We have already had phenomena such as the Josephson effect and Bose–Einstein condensation described as macroscopic quantum effects. So why would quantum tunneling deserve this much emphasis again? What exactly distinguishes the older “macroscopic quantum effects” from the one highlighted this time, both conceptually and experimentally?

A compact answer is:

“Third quantization” = quantization of the order parameter
that is, macroscopic energy levels + coherent superposition of macroscopic states.

A quantum system formed by single-state condensation#

Let us begin with Bose–Einstein condensation. At sufficiently low temperature, the de Broglie wavelengths of many atoms overlap coherently, and a large number of particles occupy the same quantum state. One is then tempted to describe the condensate as a kind of macroscopic atom.

Schematically, one may think of the condensate state as

BEC=i=1Nψ(xi)eiϕi.\lvert \mathrm{BEC} \rangle = \bigotimes_{i=1}^{N} \lvert \psi(x_i)e^{i\phi_i} \rangle .

Each constituent quasi-particle occupies a state with amplitude ψ(x)\psi(x) and phase ϕ\phi. The essential point is that a huge number of particles are described by one coherent quantum state.

This picture is not limited to atomic gases. In superconductivity, one also encounters a condensed state: the BCS state. In that case the condensation takes place in momentum space rather than ordinary real space, but the spirit is similar: a large number of degrees of freedom become phase coherent.

Now connect two superconductors with a thin insulating barrier. Then one obtains a Josephson junction, where the current is determined by the phase difference between the two superconductors. Formally one may write the Josephson current as

IJ=S(ϕ)[HT,NL]S(ϕ).I_J = \langle S(\phi) \rvert [H_T, N_L] \lvert S(\phi) \rangle .
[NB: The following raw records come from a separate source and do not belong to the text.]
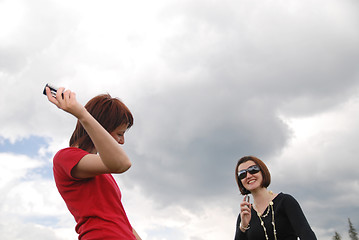 Image showing girl with mobile phone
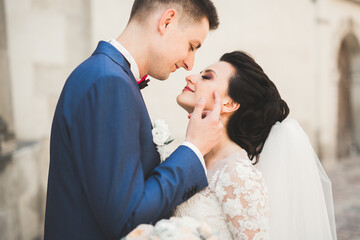 Fototapeta premium Luxury married wedding couple, bride and groom posing in old city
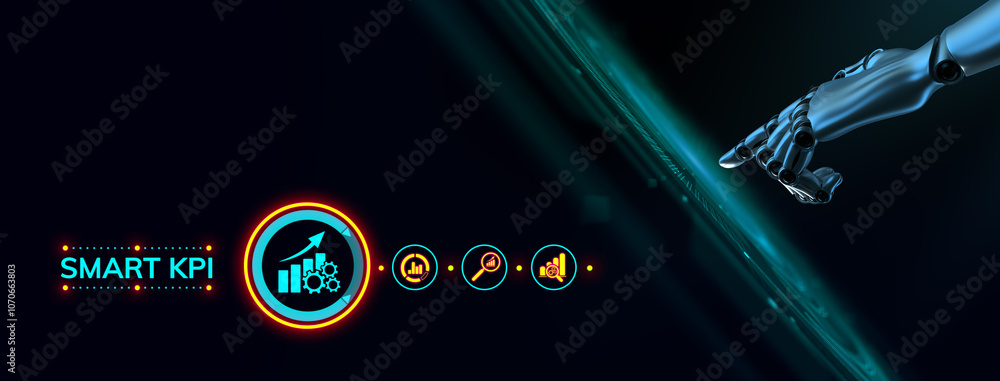 Poster smart kpi key performance indicators illustrated with a robot hand pressing a button on a virtual sc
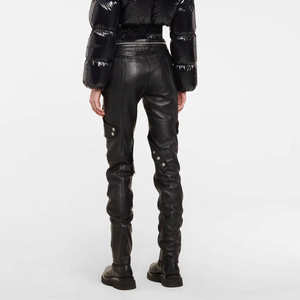 2025 Buena calidad Precio razonable Pantalones de cuero para mujer Nuevo diseño Precio barato Pantalones de cuero para mujer - Product Image 3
In ordinary metals, electrons suffer resistance because of scattering and interactions. But once electrons form Cooper pairs, they can collectively cross the barrier in a coherent manner.

Still, from Leggett’s viewpoint, this is not yet the deepest sense of a macroscopic quantum phenomenon. Why? Because one can still say that this is, in some sense, the accumulated effect of many microscopic quantum objects—many Cooper pairs behaving coherently—rather than the direct quantization of a truly macroscopic collective degree of freedom itself.

The deeper question is therefore:

Can the entire condensate, described by its order parameter, behave as a single quantum object with its own quantized levels and even coherent superpositions?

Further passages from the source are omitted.